The ethical issues raised by the question, "Is it ethical to drive a stick?" include such themes as conservation, environmental pollution, technological advancement, and self-enjoyment. All of these legitimately raise issues of ethics in how we, as humans, deal with each other, our planet, and ourselves. But the matter of whether your car has a manual or an automatic transmission is secondary, at best, to these ethical issues.

The real issue is driving, at all.

If there are ethical issues in your choice of transmission (and we agree that there are), they are contingent upon the deeper (and far more significant) ethical issues of driving cars in general; any positive or negative that can be said about your choice of transmission applies in greater magnitude to the act of driving itself.

Fuel economy is better with a dual clutch? Bikes get even better fuel economy. Want to support the latest in fuel-saving technology? Buy an electric car, which has no transmission, generally. Want to save our planet's resources? You definitely shouldn't drive, then, and you might want to rethink where you get your food, clothes, and electronics from, too. Concerned about destroying our environment, global warming, and the like? Well, buddy, your choice of transmission has about as much impact on the big picture as a cow fart. Enjoying yourself with your manual transmission car? You're about 3 percent more unethical than Saint Automatic--on a bad day.

There is, quite literally, nothing that makes the choice of transmission in your car an ethical issue separate from the fact that you drive your car except for a recent bit of data showing manual transmission purchases are on the (very slight) rise.

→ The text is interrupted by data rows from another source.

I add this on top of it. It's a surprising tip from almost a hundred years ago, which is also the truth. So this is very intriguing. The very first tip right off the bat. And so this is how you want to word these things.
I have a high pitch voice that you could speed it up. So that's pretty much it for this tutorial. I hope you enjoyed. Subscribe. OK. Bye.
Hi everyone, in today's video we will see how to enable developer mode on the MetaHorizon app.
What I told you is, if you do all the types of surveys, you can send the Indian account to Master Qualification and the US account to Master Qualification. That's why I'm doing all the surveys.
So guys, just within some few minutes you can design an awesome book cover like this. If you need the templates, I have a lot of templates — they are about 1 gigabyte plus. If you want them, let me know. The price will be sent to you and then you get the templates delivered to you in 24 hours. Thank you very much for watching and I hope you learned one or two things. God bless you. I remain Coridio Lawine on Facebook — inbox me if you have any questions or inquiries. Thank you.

Looking around the web at the responses to Sirota's Salon screed, we have responses like the thoughtful and accurate hole-poking done by John Voelcker at Green Car Reports; the dismissive and snarkily-fun rant from Jason Torchinsky at Jalopnik; the detached and neutral poll-taking by Jeff Sabatini at Autoblog Green; and the straightforward enthusiast angle by Jeff Glucker at Hooniverse, which brought Sirota's Salon article to the attention of the online automotive media.

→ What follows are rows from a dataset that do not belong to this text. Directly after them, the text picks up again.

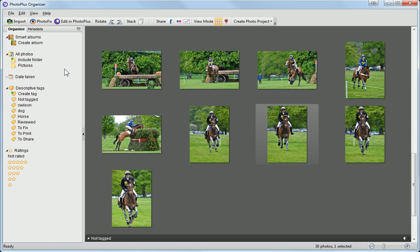Let's now go back to the Organize tab. You'll see that it contains several different categories. These help you to display different photos that fall into certain criteria.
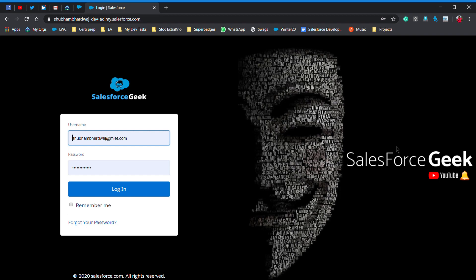Hello guys, this is Shubham Bharat Vajan back with another video on Salesforce Geek channel. Today's video is going to be interesting because we are going to see how to disable two-factor authentication from your Salesforce org. Before letting you know how to disable it, first I will let you know what is two-factor authentication.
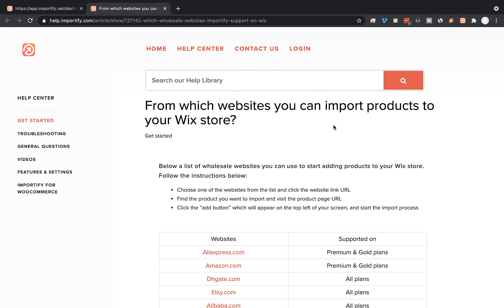Hey guys, on this video I'm gonna show you how to import products from AliExpress to your Wix online store using Importify. Please note that AliExpress product import is available on Importify Premium and Gold plans only.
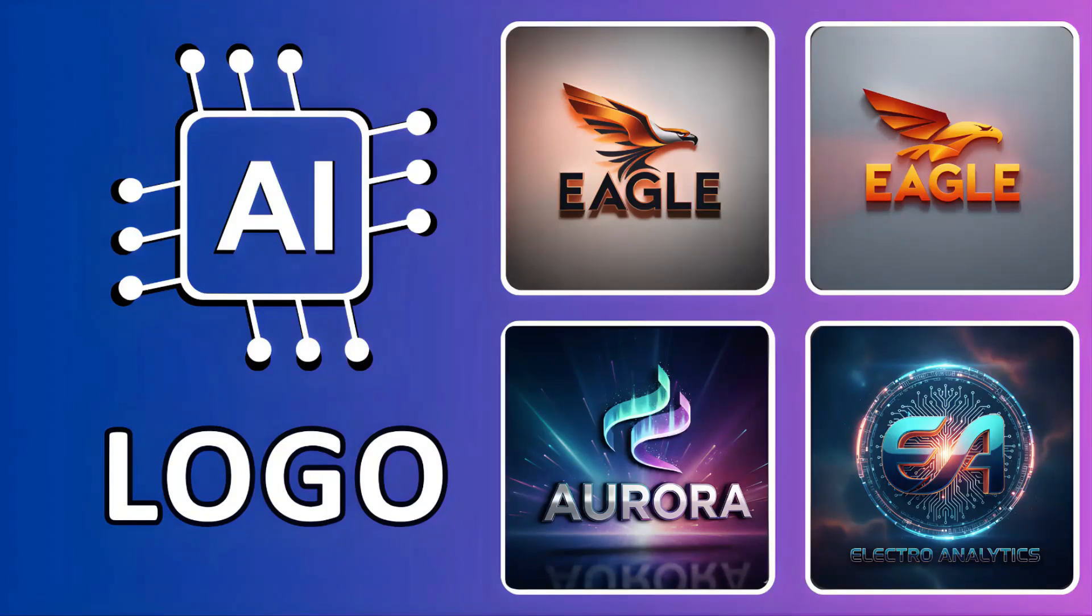Do you want to create a professional logo like this using AI completely for free? In this video I'll show you exactly how you can do it.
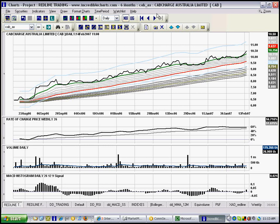Hi and welcome to the first of Redline Trading Software Tutorials. Today I want to introduce you to this incredible chart software that we use.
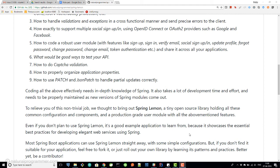That's where Spring Lemon comes in. Spring Lemon is a tiny open source library holding all the common configurations and components for all the challenges we discussed, and it also has a production-grade user module with all the features we discussed. Most Spring Boot applications can use Spring Lemon right away with some simple configurations, customizations, and extensions — it's quite configurable and extensible. If your project doesn't fit, you can fork it or learn the best practices and patterns from Spring Lemon and use them in your own library.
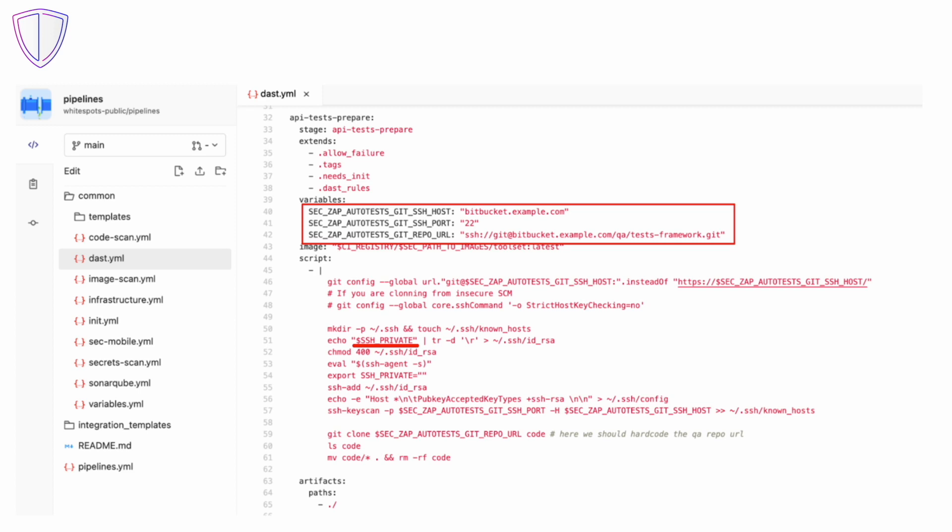Third, set variables highlighted in red rectangle: host, port and repository address of the framework with tests.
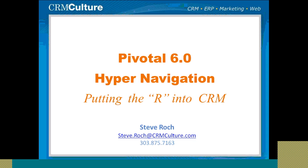Hello, Steve Roach here at CRM Culture bringing you a demonstration of the Pivotal 6.0 hypernavigation.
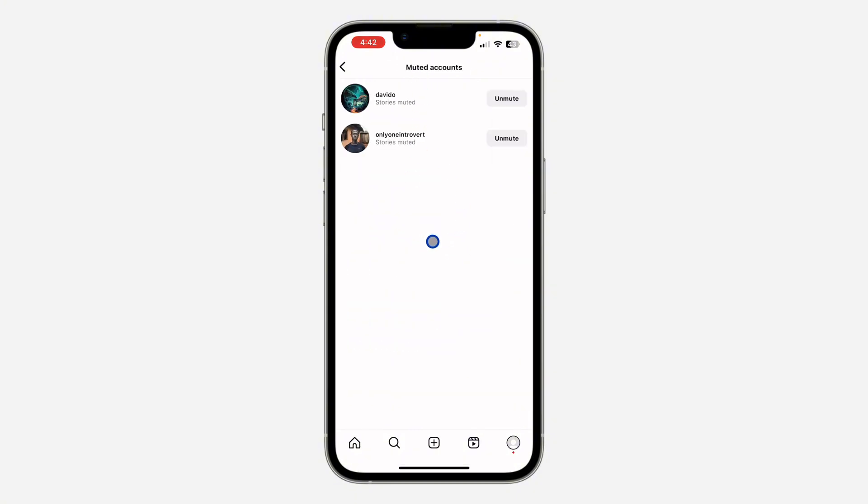Right here, including the posts that you have muted. As you can see for this person, I only muted their story. So if you have muted their story and their post, you are going to see stories and post muted.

These are all legitimate responses to the question Sirota raises, and they're all basically correct in their own way. Ethics, or as relates most closely here, applied ethics, is a field largely about the practical application of the question of what's right and what's wrong to our lives. In this case, we're dealing, at root, with the ethics of mobility.

And here we come back to that corpse sitting in the garage. By driving a car, you've already made a decision about each of the ethical questions raised by Sirota. You've decided your desire for mobility justifies the harmful side effects of operating a personal vehicle. So quibbling over the 1-3 mpg difference between a manual or an automatic (which, by the way, frequently favors the manual transmission) is like quibbling over whether it's wrong to separate the body parts of the person you've already decided it was OK to kill.

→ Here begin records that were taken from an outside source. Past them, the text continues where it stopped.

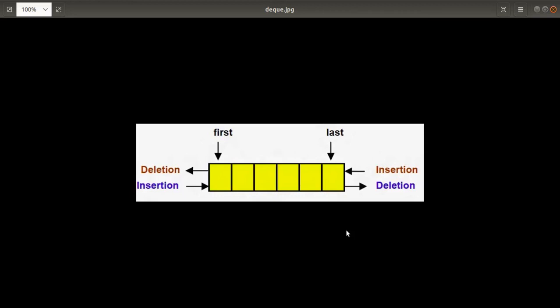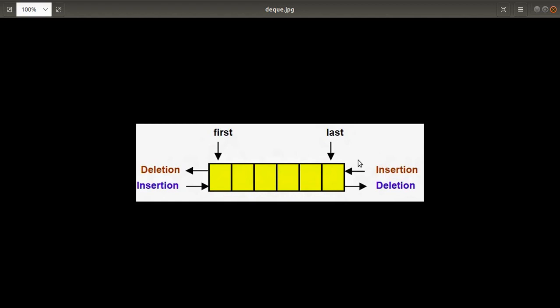Welcome to the next video of the OPL assignment video series. Today we'll discuss the next assignment of group C, which is about deque. Deque stands for double-ended queue, where you can perform insertion and deletion operations from both sides. You can insert and delete elements from the front side and from the back side, which you can't do in a simple queue because a simple queue follows only the first-in-first-out concept.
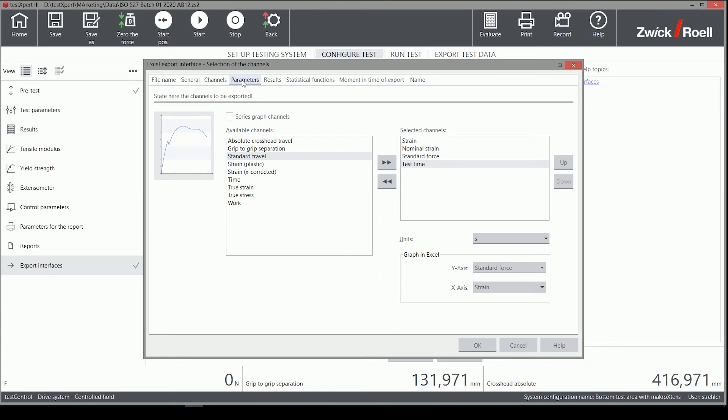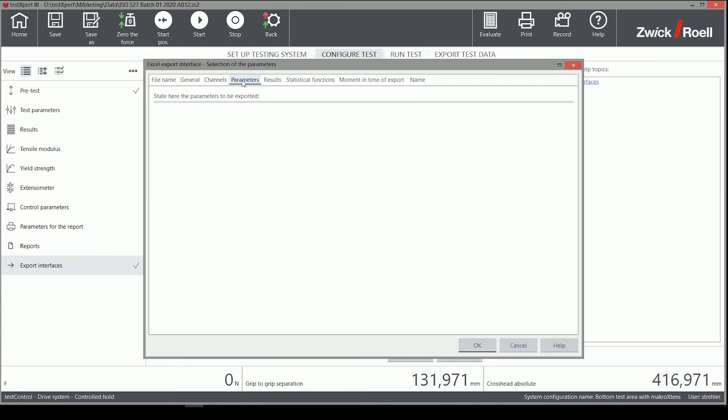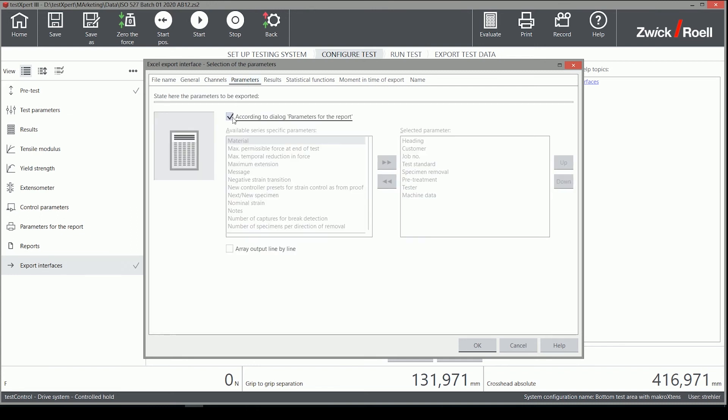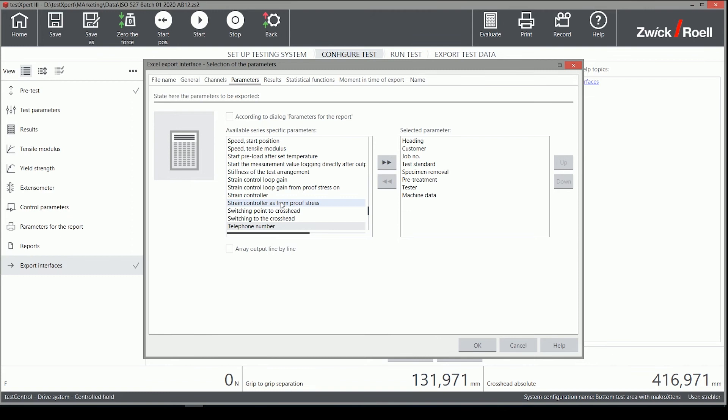Similar settings are available on the Parameters and Results tab. There are default selections made which can be adjusted.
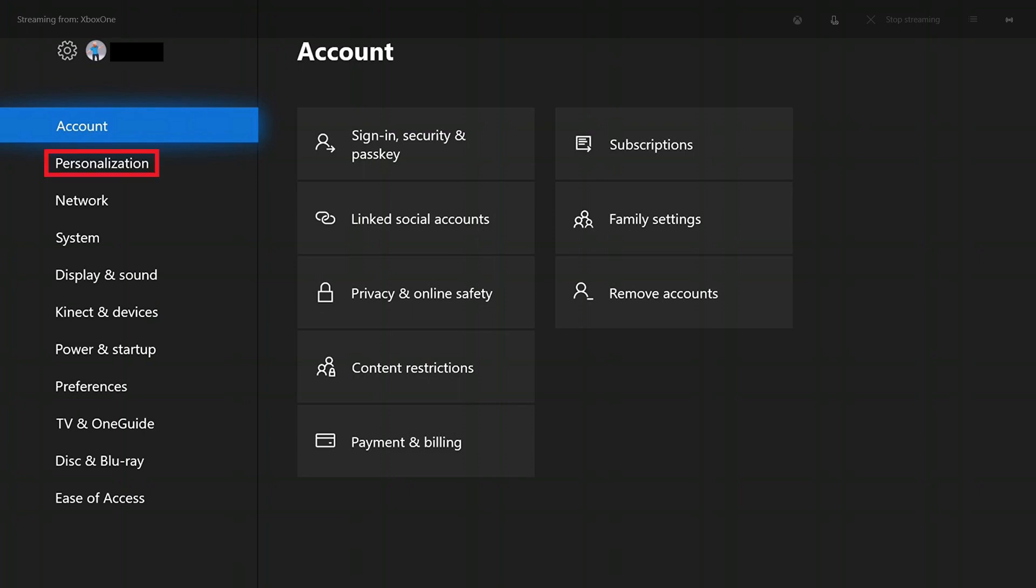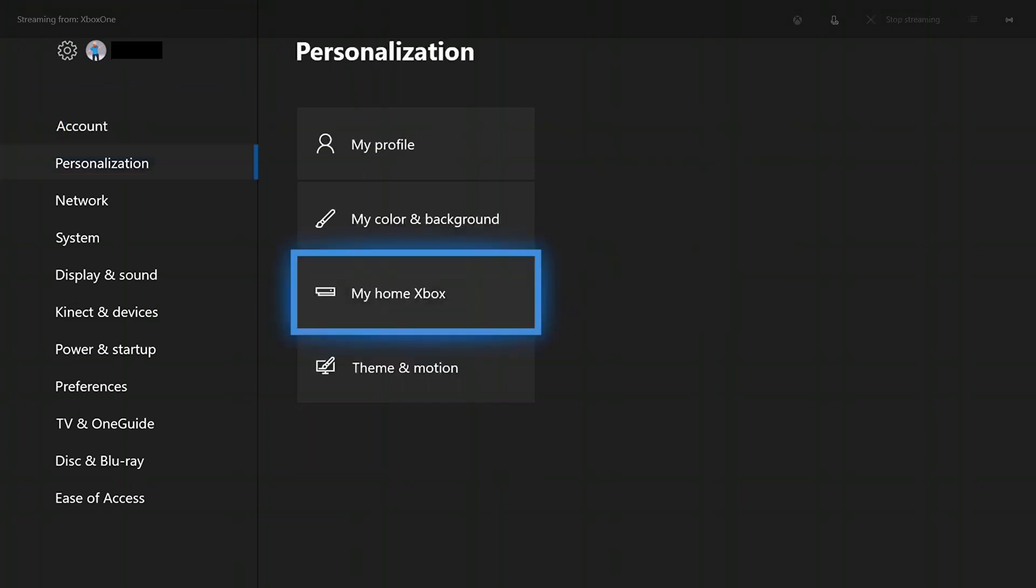Step 3: Choose Personalization in the menu on the left side of the screen. The Personalization menu appears on the right side of the screen.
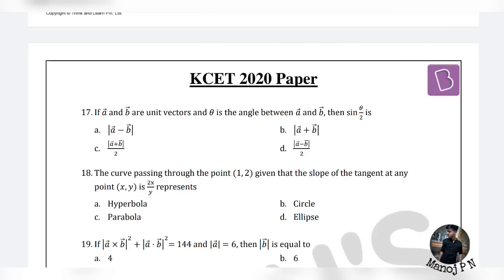Hey guys, welcome back to another video. In this video, we are looking at the KCD 2020 mathematics paper. We have questions from the vector chapter and coordinate geometry.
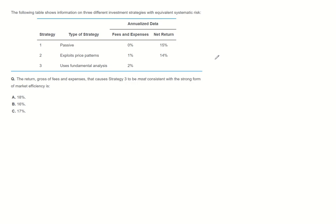what is the return, gross of fees and expenses, that causes strategy 3 to be most consistent with the strong form of market efficiency?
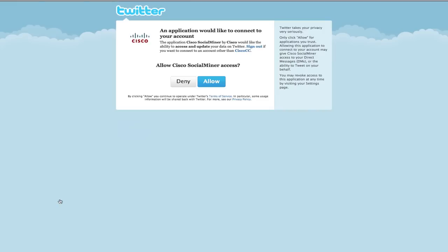If you are already signed into Twitter using the same account you entered in the feed configuration, then the screen will look like this and you simply click the allow button.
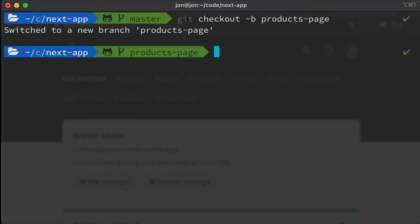So by creating a branch we've created a separate git history. This is branched off master but now if we were to add any more commits to master they would not be on our products page branch, and if we add commits to our products page branch they will not be in master. And so that's perfect for what we want to do here because we want to keep them separate while we're working on our products page.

It would make as much sense (and practically speaking, much more sense) to question the ethics of more significant sub-divisions within the field of personal mobility, like driving a conventional car instead of a hybrid or an electric, or riding the bus, or riding a bike, or working your life out so that you don't require any trips you can't cover on foot in a timely fashion--and all of these things have been and continue to be questioned, with answers on both sides having merit.

But that doesn't sensationalize a newsy data trend in an offhand effort to draw eyeballs and traffic for Sirota's writing at Salon. I wonder what the ethicists would have to say about that.